En 2009, un tremblement de terre avait ravagé les Abruzzes, entraînant la mort de 309 personnes. Il est reproché aux experts de n'avoir pas prévu la catastrophe, d'avoir fourni des informations inexactes, incomplètes et contradictoires sur ces secousses qui se succédaient depuis plusieurs mois et inquiétaient les habitants. Ces scientifiques se montraient même rassurants. Cependant, le drame survient, privant des milliers de personnes de leurs habitations.
On comprend la souffrance des habitants et leur ressentiment. Mais se pose une question : est-il possible de prévoir un tremblement de terre à quelques jours près ? Non, répondent les scientifiques qui estiment, de plus, qu'en Italie ce risque est permanent. Leur condamnation a fait réagir la communauté scientifique et tous les membres de la commission grands risques ont démissionné.
Le président de la commission a estimé qu'un tel verdict, « c'est la mort de la collaboration entre l'État et les scientifiques ». Ceux-ci ne sont plus en mesure de travailler sereinement. Ceux qui seront chargés d'analyser les prévisions de risques seront enclins à multiplier les alarmes à la moindre occasion, semant ainsi la panique dans la population. Or on ne peut ni prévoir ni exclure le risque de séisme...
Non au bouc émissaire
Mais voici qu'en France, ces jours derniers, un problème de même nature est abordé. Il s'agit d'une psychiatre qui se retrouve sur le banc des prévenus. Elle est poursuivie pour homicide involontaire, après un meutre commis par un des ses patients. Le procureur a requis contre elle un an de prison avec sursis. Cinq syndicats de psychiatres la soutiennent car sa responsabilité, à leurs yeux, « apparaît pratiquement nulle » (1). « Les psychiatres ne sont pas des policiers », estiment-ils.

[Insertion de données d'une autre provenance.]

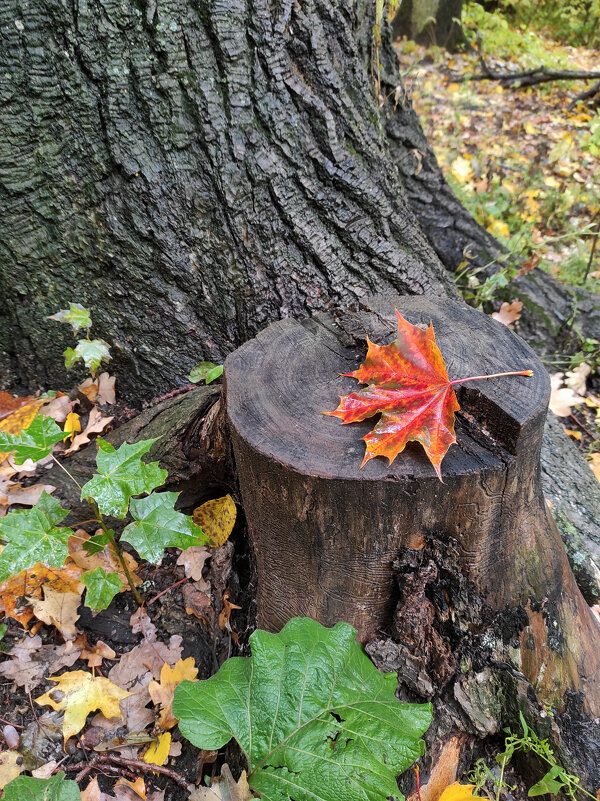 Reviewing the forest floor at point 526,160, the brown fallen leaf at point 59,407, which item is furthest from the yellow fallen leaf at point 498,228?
the brown fallen leaf at point 59,407

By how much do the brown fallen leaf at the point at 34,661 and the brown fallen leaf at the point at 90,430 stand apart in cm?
78

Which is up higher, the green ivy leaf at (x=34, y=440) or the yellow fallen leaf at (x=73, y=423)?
the green ivy leaf at (x=34, y=440)

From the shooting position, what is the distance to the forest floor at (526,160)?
3350 mm

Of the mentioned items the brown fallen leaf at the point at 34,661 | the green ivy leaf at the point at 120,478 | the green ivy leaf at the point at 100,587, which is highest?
the green ivy leaf at the point at 120,478

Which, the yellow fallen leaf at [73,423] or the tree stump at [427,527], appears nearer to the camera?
the tree stump at [427,527]

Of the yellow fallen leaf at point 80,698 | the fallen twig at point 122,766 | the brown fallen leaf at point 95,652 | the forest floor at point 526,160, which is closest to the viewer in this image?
the fallen twig at point 122,766

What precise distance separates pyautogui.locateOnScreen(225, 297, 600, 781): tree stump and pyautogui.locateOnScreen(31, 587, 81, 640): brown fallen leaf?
712 mm

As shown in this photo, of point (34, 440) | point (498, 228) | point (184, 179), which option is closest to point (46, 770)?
point (34, 440)

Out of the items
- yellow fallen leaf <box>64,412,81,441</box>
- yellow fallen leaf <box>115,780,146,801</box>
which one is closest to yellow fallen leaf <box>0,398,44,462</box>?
yellow fallen leaf <box>64,412,81,441</box>

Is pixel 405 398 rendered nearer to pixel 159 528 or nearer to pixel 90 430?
pixel 159 528

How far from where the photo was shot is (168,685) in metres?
1.84

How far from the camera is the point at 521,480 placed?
156 centimetres

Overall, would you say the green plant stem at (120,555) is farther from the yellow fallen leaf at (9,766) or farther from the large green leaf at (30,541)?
the yellow fallen leaf at (9,766)

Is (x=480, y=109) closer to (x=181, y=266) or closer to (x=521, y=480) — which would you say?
(x=181, y=266) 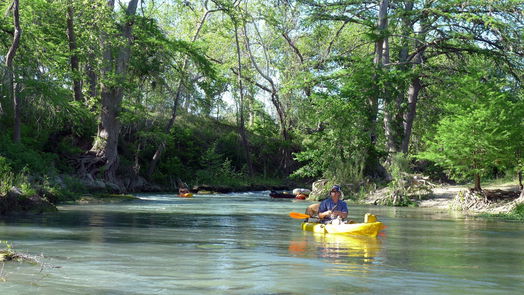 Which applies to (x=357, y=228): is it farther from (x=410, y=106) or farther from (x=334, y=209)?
(x=410, y=106)

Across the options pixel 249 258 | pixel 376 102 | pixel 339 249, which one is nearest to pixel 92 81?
pixel 376 102

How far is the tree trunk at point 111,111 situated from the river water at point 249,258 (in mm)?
15479

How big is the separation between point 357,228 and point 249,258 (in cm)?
452

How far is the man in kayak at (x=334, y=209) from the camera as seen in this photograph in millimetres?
16397

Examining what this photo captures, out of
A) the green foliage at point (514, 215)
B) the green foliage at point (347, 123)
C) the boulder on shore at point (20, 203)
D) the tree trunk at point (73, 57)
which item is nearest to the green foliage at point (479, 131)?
the green foliage at point (514, 215)

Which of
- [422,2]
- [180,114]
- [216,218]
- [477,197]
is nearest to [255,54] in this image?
[180,114]

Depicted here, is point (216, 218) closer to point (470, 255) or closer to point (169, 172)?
point (470, 255)

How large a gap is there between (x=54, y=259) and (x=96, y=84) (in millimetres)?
25597

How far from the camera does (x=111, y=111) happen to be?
3506 centimetres

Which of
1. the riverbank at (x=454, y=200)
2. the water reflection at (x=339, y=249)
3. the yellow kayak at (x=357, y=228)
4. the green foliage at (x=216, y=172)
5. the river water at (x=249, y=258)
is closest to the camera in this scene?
the river water at (x=249, y=258)

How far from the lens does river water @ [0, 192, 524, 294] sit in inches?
324

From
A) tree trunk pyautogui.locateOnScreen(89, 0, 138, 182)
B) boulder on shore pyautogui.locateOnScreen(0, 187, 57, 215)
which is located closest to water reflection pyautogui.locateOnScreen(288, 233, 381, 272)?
boulder on shore pyautogui.locateOnScreen(0, 187, 57, 215)

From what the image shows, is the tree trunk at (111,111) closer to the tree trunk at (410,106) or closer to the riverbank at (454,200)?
the riverbank at (454,200)

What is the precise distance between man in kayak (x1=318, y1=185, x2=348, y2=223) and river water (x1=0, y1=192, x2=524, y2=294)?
0.79m
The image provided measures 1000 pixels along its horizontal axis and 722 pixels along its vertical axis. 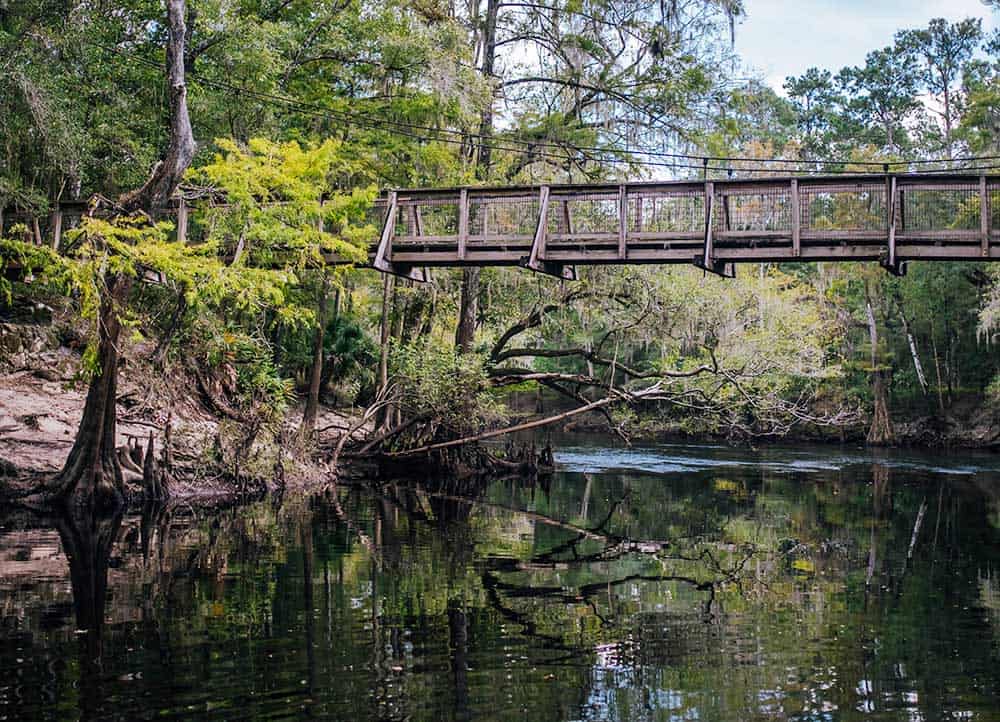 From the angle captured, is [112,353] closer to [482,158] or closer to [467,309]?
[467,309]

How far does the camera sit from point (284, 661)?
320 inches

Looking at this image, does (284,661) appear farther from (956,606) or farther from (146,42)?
(146,42)

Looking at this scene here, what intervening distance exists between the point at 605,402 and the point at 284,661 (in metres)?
15.4

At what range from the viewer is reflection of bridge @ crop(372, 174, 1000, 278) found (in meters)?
16.0

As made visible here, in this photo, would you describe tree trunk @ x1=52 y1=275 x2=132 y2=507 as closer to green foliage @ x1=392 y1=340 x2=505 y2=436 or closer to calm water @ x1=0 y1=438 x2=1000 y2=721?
calm water @ x1=0 y1=438 x2=1000 y2=721

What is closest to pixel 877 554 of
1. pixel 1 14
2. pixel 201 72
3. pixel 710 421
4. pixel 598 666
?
pixel 598 666

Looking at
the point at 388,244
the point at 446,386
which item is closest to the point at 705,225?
the point at 388,244

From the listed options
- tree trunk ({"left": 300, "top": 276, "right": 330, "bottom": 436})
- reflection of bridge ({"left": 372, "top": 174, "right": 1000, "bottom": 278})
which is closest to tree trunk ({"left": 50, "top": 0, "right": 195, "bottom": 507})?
reflection of bridge ({"left": 372, "top": 174, "right": 1000, "bottom": 278})

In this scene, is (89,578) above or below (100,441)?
below

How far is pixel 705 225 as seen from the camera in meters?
16.9

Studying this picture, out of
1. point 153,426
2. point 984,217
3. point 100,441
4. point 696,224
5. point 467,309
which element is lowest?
point 100,441

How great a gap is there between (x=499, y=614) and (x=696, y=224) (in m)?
9.57

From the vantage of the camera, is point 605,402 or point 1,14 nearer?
point 1,14

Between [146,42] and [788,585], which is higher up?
[146,42]
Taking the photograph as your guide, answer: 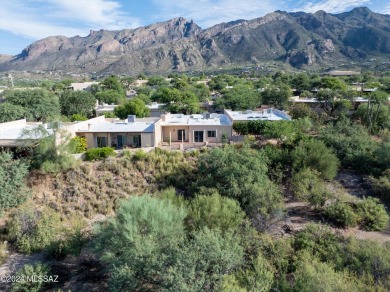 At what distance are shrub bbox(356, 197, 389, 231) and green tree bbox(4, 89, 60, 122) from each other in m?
38.6

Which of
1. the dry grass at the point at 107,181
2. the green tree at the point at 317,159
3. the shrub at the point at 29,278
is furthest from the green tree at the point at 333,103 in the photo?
the shrub at the point at 29,278

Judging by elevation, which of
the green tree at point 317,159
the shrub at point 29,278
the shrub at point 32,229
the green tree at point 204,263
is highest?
the green tree at point 317,159

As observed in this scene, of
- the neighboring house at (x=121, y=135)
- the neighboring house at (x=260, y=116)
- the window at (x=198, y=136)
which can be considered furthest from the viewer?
the neighboring house at (x=260, y=116)

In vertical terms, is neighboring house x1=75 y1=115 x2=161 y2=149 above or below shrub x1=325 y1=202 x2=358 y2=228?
above

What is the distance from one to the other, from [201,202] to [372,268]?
33.1 feet

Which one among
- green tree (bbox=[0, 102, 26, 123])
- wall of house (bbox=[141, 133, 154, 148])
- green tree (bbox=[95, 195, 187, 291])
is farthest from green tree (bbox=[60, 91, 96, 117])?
green tree (bbox=[95, 195, 187, 291])

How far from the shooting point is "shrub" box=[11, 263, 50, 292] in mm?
15217

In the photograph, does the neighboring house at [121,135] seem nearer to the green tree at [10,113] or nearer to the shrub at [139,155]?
the shrub at [139,155]

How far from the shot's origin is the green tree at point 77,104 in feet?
151

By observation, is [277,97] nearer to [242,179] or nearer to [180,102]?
[180,102]

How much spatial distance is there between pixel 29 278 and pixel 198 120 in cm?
2305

La psychiatrie n'est pas une science exacte. Une condamnation serait une pression qui finirait par transformer les psychiatres en « gardiens de l'ordre public ». On veut désormais que le médecin évalue la dangerosité. Dans ces conditions, « le médecin n'aura donc plus à faire un diagnostic, mais un pronostic », ce qui pousse l'Académie de médecine et le Conseil national des compagnies d'experts en justice à dénoncer « l'utopie du risque zéro ».
C'est bien ce désir de sécurité qui sous-tend ces verdicts et ces réquisitoires. Dans notre monde aseptisé, policé, régulé, organisé, on voudrait se soustraire à tout danger. S'il survient, on recherche aussitôt la cause, ce qui est normal. Mais on va plus loin, en s'efforçant de découvrir l'auteur de l'accident. Il nous faut un coupable. Ce fameux bouc émissaire que l'on peut frapper pour se soulager de sa peur et de sa colère.
Ces drames sont, en effet, des drames affreux. Mais le pire est souvent de se donner bonne conscience et de se rassurer en accusant et en condamnant même ceux qui s'efforcent de veiller pour épargner, autant qu'ils le peuvent, les dangers qui nous menaceront toujours.